<<<<

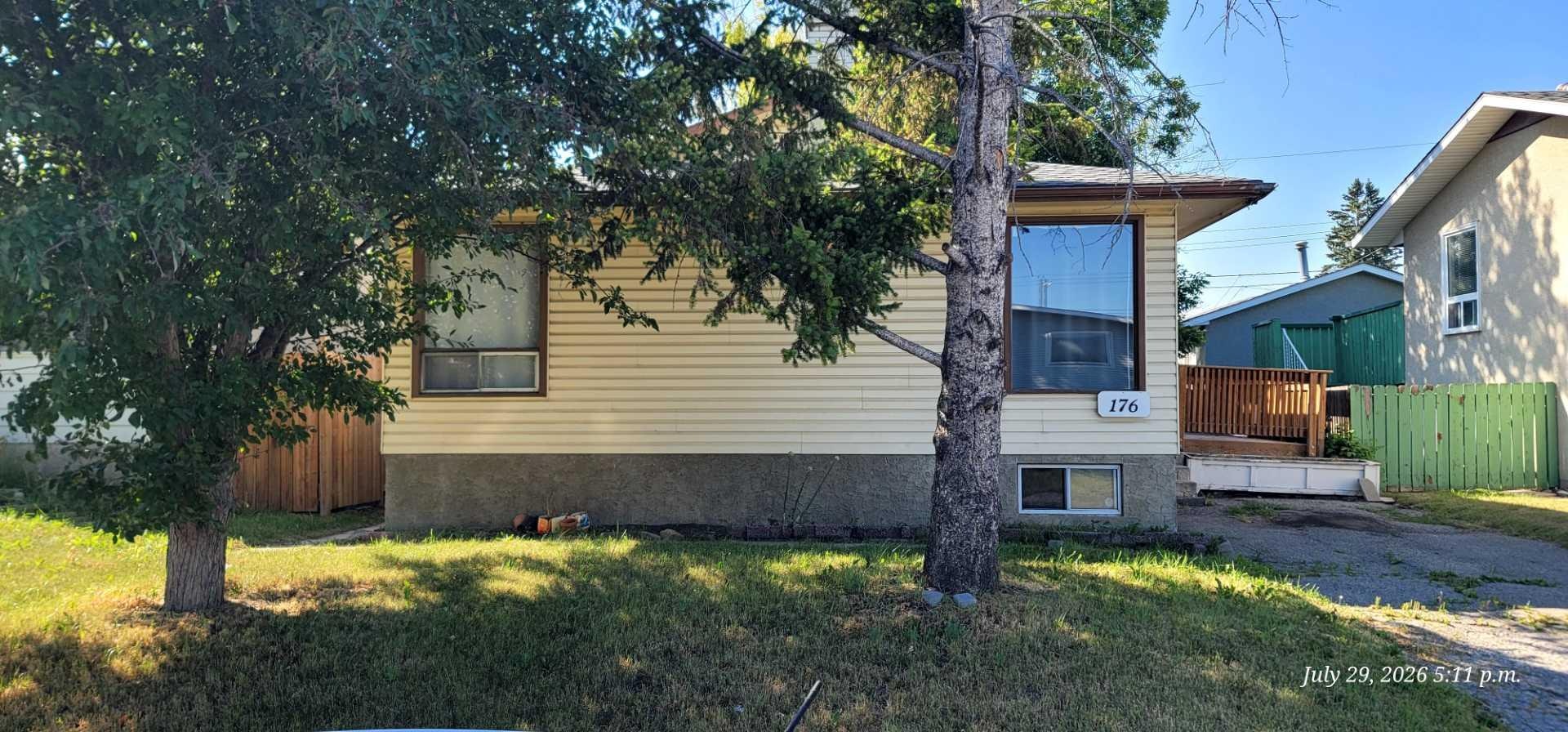 176 Penbrooke Close SE, Calgary, AB, T2A 3P1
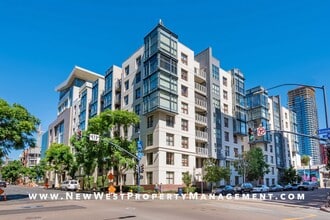 Building Photo - Spacious East Village Penthouse Studio at Metrome! Small Pet Ok! 1 Parking Space Included!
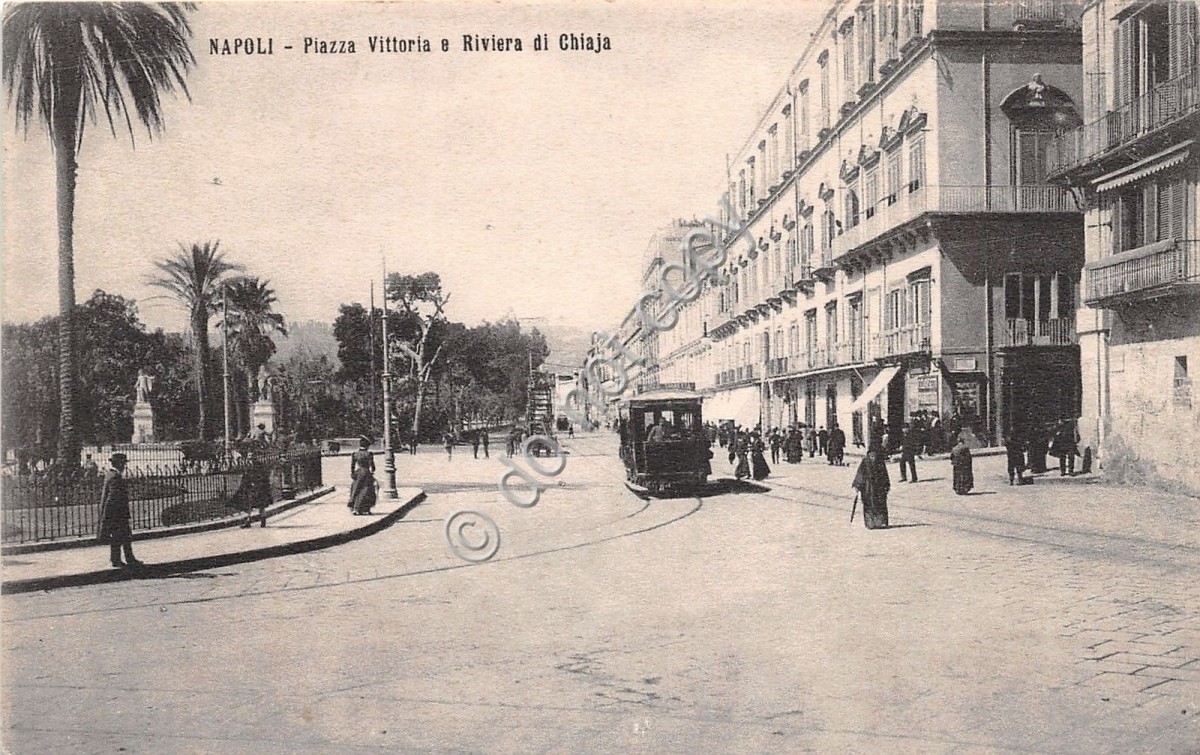 Cartolina - Postcard - Napoli - Piazza Vittoria - animata - anni '20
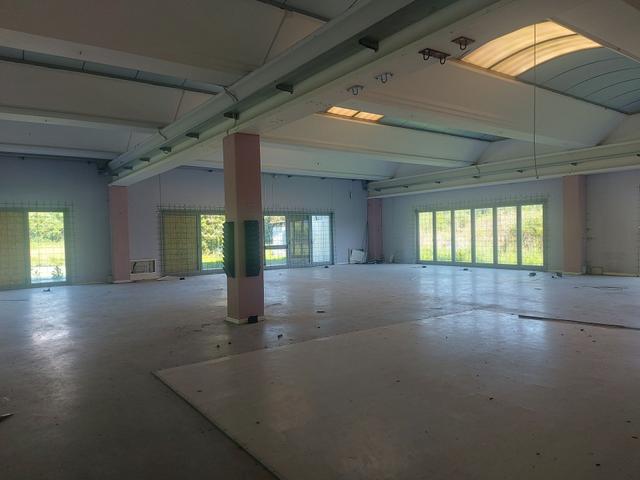 #2536188 Capannone ex palestra con piscina in vendita - foto 5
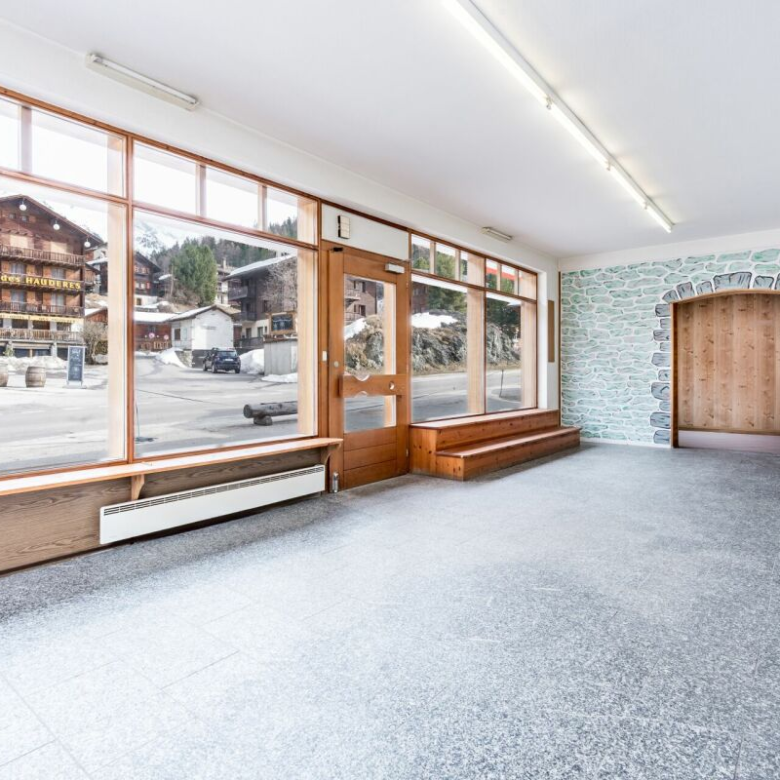 Local commercial à rénover avec possibilité de transformation en logements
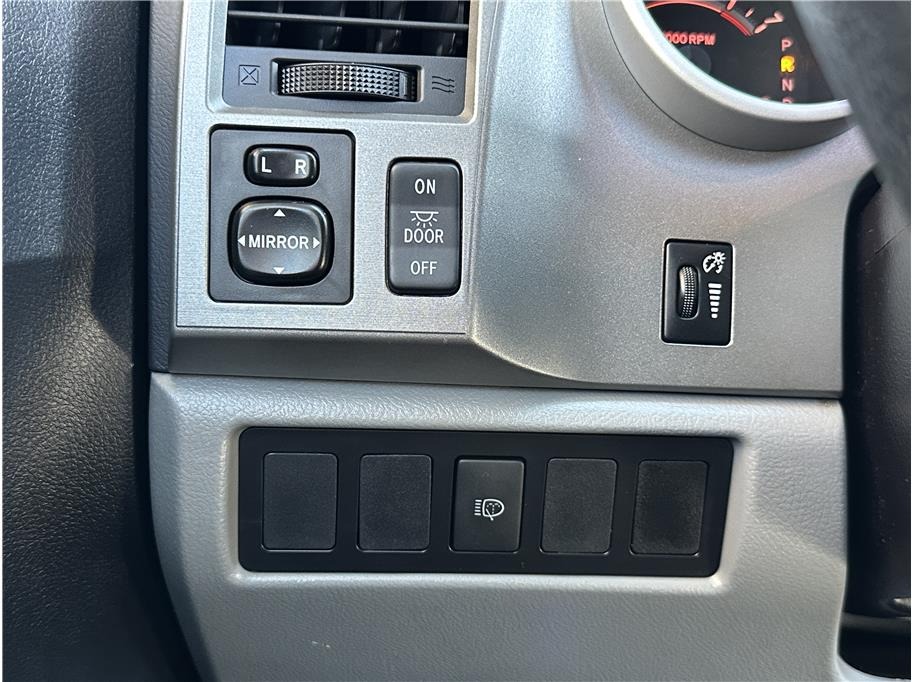 2015 Toyota Sequoia SR5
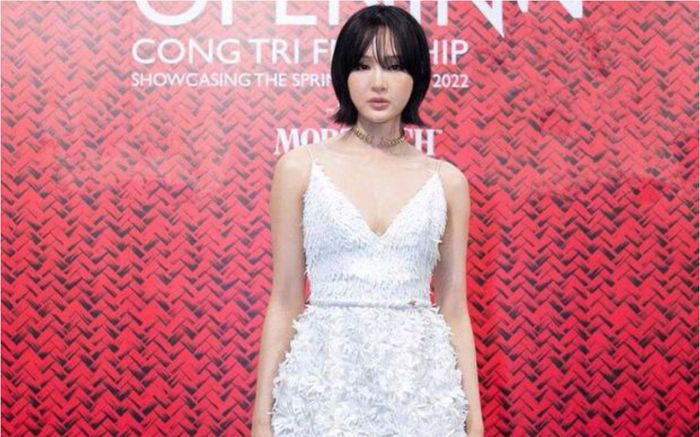 Hiền Hồ khiến fan choáng với gương mặt đơ như tượng sáp, chạm nhẹ cũng sợ 'vỡ tan'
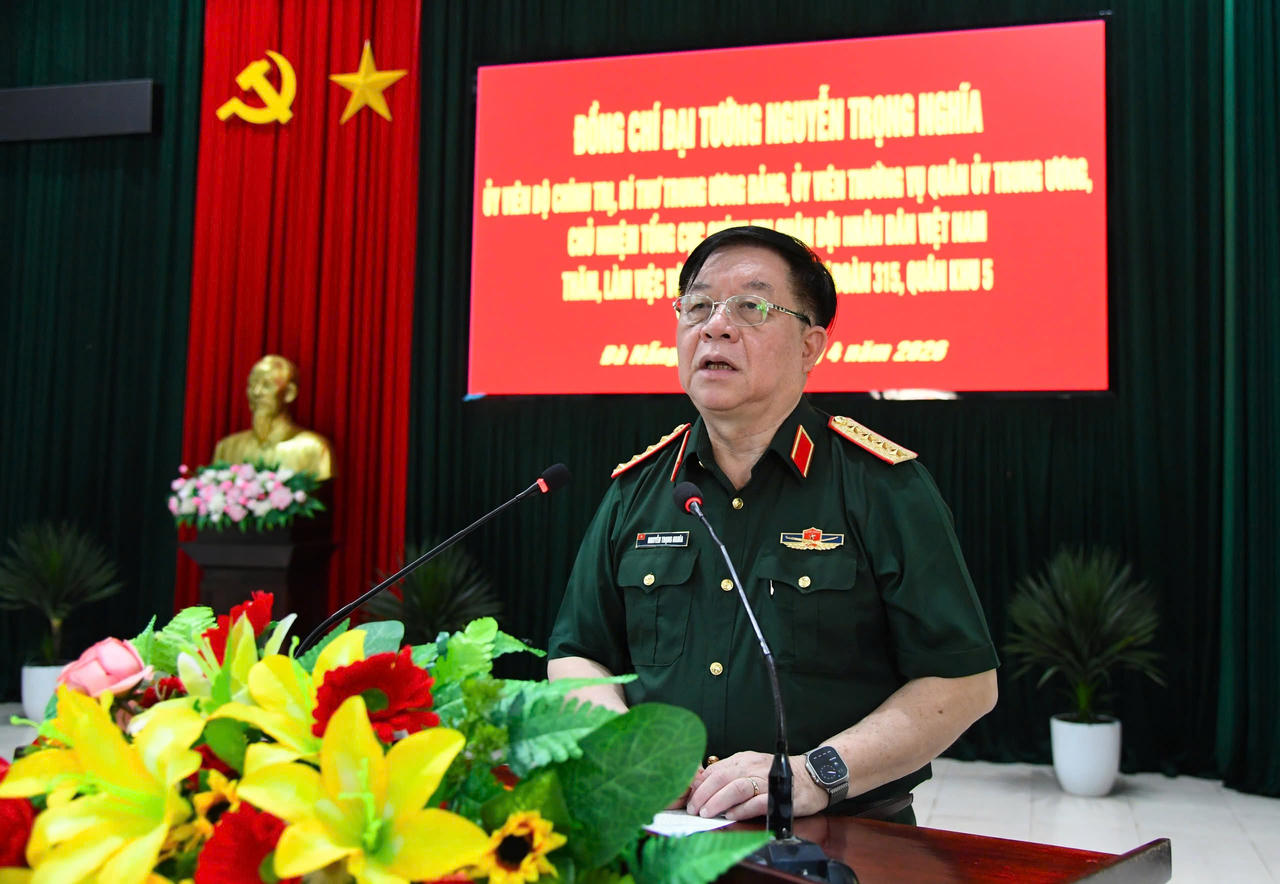 Đại tướng Nguyễn Trọng Nghĩa phát biểu tại buổi thăm, kiểm tra tại Trường&nbsp;Thiếu sinh quân miền Trung và Trung đoàn 143 (Sư đoàn 315) trên địa bàn Đà Nẵng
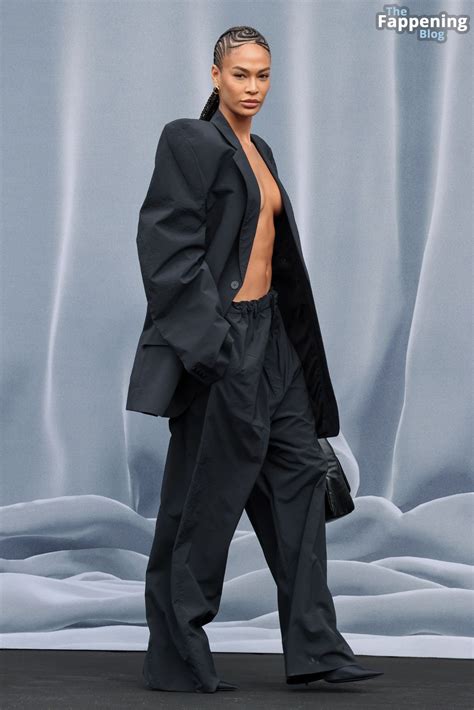 Joan Smalls Flashes Her Nude Tits at the Balenciaga Show in Paris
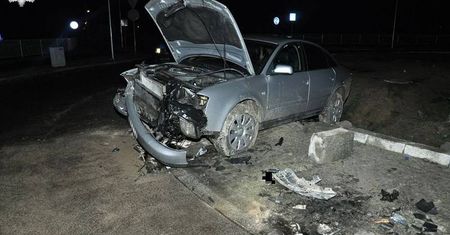 Na wprost przez budowane rondo. Uszkodziła auto
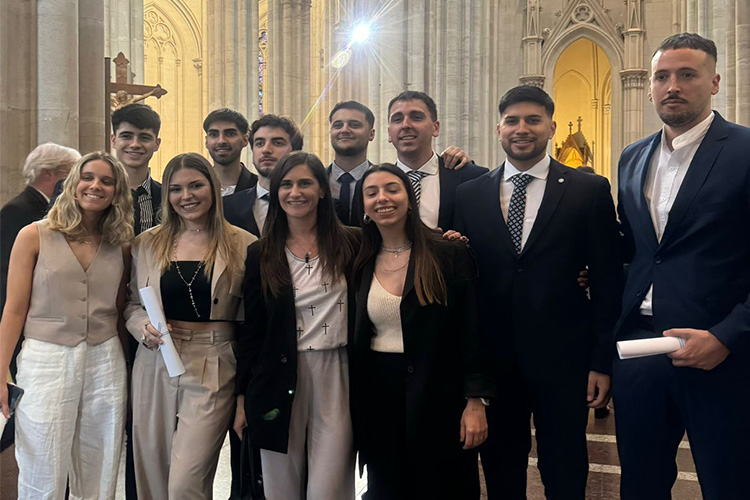 Entrega de diplomas a egresados de Derecho y Ciencias Políticas en la Catedral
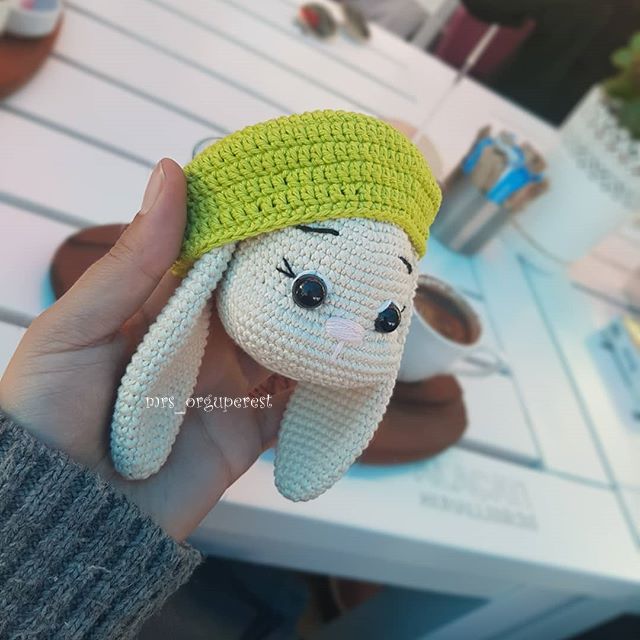 free amigurumi bunny girl with hat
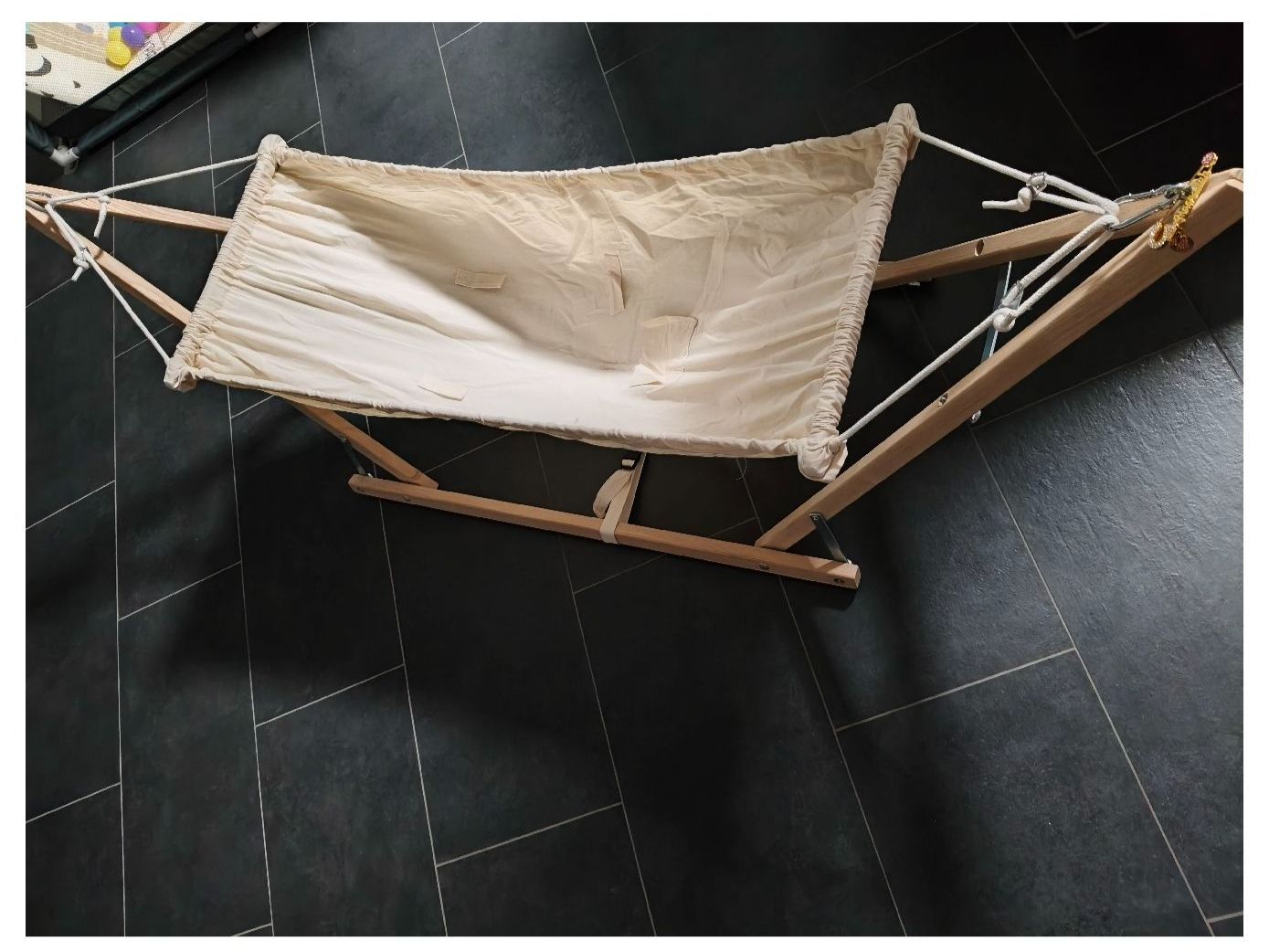 Amache: Baby-Hängematte mit Holzgestell – Usato da Worben venduto da Marcodos 8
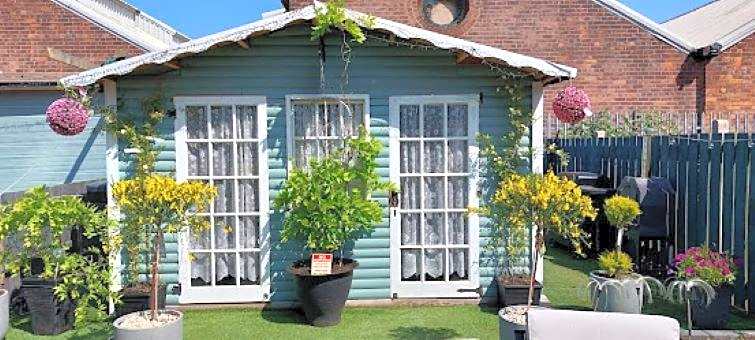 The Vale Apart Hotel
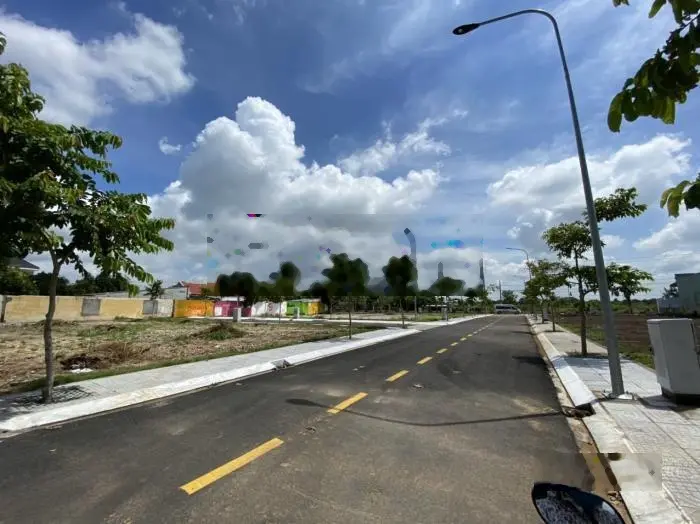 Đất nền Thị trấn Long Điền, cách vòng xoay Vũng Vằn 500m. Giá bán gấp 1 tỷ 680tr, có hỗ trợ vay vốn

>>>>

## Task brief
If a picture appears among the entries, omit it and reproduce everything else exactly.

## Written response
 176 Penbrooke Close SE, Calgary, AB, T2A 3P1
 Building Photo - Spacious East Village Penthouse Studio at Metrome! Small Pet Ok! 1 Parking Space Included!
 Cartolina - Postcard - Napoli - Piazza Vittoria - animata - anni '20
 #2536188 Capannone ex palestra con piscina in vendita - foto 5
 Local commercial à rénover avec possibilité de transformation en logements
 2015 Toyota Sequoia SR5
 Hiền Hồ khiến fan choáng với gương mặt đơ như tượng sáp, chạm nhẹ cũng sợ 'vỡ tan'
 Đại tướng Nguyễn Trọng Nghĩa phát biểu tại buổi thăm, kiểm tra tại Trường&nbsp;Thiếu sinh quân miền Trung và Trung đoàn 143 (Sư đoàn 315) trên địa bàn Đà Nẵng
 Joan Smalls Flashes Her Nude Tits at the Balenciaga Show in Paris
 Na wprost przez budowane rondo. Uszkodziła auto
 Entrega de diplomas a egresados de Derecho y Ciencias Políticas en la Catedral
 free amigurumi bunny girl with hat
 Amache: Baby-Hängematte mit Holzgestell – Usato da Worben venduto da Marcodos 8
 The Vale Apart Hotel
 Đất nền Thị trấn Long Điền, cách vòng xoay Vũng Vằn 500m. Giá bán gấp 1 tỷ 680tr, có hỗ trợ vay vốn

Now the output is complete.